◆ Your assignment ◆
In the records that come next, find every line with "Exterior". Return those lines.

◆ Data for review ◆
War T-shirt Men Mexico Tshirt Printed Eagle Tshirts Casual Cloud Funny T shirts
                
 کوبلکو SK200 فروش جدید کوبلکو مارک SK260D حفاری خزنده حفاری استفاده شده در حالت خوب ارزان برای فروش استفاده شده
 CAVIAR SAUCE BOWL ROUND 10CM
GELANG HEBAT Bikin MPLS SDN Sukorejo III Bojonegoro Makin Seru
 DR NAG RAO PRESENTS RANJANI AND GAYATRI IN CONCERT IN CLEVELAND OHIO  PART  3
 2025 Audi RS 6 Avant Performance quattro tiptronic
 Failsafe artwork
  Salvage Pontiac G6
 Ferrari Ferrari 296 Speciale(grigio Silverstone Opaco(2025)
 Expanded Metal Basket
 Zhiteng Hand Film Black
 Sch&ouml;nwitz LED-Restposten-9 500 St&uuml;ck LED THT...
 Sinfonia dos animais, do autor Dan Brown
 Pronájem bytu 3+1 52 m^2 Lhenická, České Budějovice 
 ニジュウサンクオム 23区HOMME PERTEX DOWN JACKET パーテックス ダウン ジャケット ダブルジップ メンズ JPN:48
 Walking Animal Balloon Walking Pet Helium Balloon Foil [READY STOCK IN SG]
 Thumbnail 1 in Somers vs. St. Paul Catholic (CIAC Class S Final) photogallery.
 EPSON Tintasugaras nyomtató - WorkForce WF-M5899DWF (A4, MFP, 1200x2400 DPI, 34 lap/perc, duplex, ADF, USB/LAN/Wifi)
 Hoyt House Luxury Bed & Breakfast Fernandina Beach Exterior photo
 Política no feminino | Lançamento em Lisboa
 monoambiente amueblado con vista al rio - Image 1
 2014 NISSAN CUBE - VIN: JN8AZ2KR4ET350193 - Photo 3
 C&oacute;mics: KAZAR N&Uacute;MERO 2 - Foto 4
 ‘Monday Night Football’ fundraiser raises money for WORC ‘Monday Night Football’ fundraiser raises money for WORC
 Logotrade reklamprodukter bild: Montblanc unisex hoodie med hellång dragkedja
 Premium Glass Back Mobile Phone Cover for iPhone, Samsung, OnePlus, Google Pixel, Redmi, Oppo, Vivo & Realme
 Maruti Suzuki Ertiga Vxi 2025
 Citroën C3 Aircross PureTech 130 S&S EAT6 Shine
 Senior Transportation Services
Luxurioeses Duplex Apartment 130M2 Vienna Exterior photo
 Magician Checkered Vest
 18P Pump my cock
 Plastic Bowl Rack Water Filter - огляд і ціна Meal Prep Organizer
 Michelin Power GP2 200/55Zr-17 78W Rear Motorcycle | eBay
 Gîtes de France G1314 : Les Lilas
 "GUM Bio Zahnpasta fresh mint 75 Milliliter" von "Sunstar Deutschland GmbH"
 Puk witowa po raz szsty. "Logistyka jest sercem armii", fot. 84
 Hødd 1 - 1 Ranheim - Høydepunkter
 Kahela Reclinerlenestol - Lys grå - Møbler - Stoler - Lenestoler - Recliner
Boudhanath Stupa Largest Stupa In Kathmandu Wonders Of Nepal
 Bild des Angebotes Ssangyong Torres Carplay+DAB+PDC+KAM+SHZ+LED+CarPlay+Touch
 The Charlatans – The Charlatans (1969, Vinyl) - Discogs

◆ Answer to this exercise ◆
 Hoyt House Luxury Bed & Breakfast Fernandina Beach Exterior photo
Luxurioeses Duplex Apartment 130M2 Vienna Exterior photo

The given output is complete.